The delta is not a quality signal. It is an accounting artifact of different local cost structures — rent, taxes, cost of living. The engineers attended the same conferences, read the same books, and have contributed to the same open-source projects.
The seniority filter
The failure mode of outsourcing is not price — it is the pyramid. A cheap hourly rate that loads you up with juniors, supervised by one senior who is split across four accounts. You get what the pyramid is designed to produce, which is a lot of code written by people learning on your dime.

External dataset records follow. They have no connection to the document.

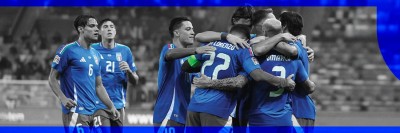 Italy achieves a late victory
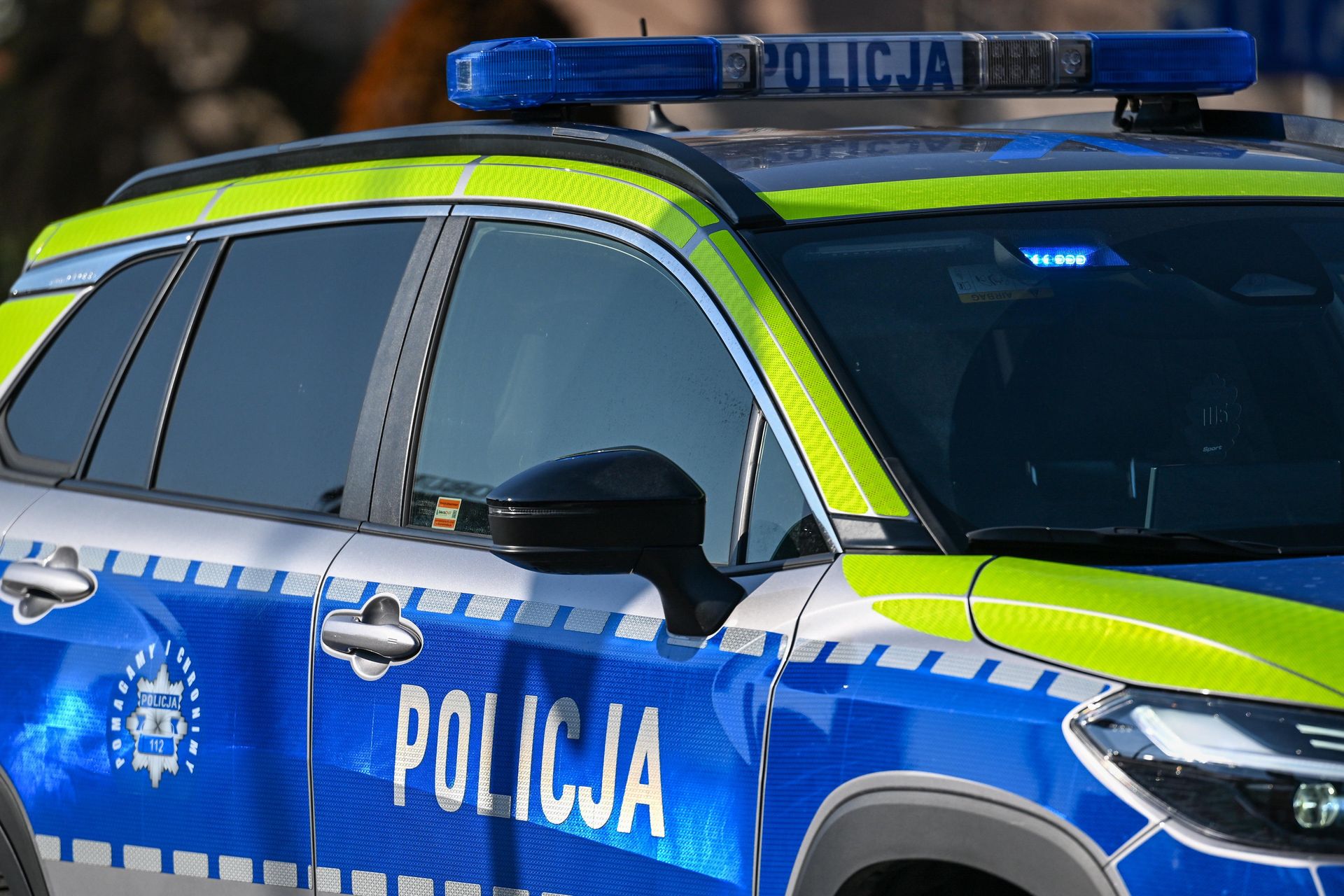 Uwięził swoją byłą partnerkę. Groził jej śmiercią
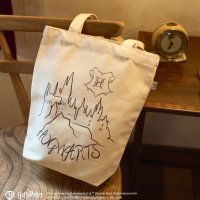 ing zakka/イングザッカ ing雑貨 【ハリー・ポッターコラボレーション】ホグワーツデザイントートバッグ/507582248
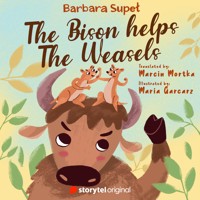 The Bison helps the Weasels - Barbara Supeł - Hörbuch
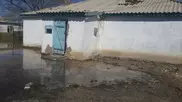 Паводки подтопили село Копа в Восточно-Казахстанской области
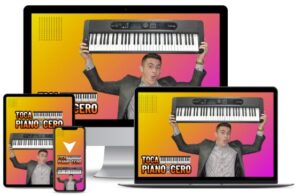 toca piano desde cero - nivel 1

The way we run Craton — and the reason our engagement prices aren't the lowest — is: no juniors in front of customers. Every engineer you meet has five-plus years of production experience, with most at ten-plus. This is not scalable to five-thousand-person outsourcing companies. It is scalable to the size we care about.
What this actually looks like
On a typical engagement: Slack access shared with the client's team. Our engineers show up in their standups, not ours. Code review on their PR conventions, not ours. Weekly demo to their stakeholders, not a project manager's translation of it.
The engagement costs more than an anonymized ticket queue. It also ships.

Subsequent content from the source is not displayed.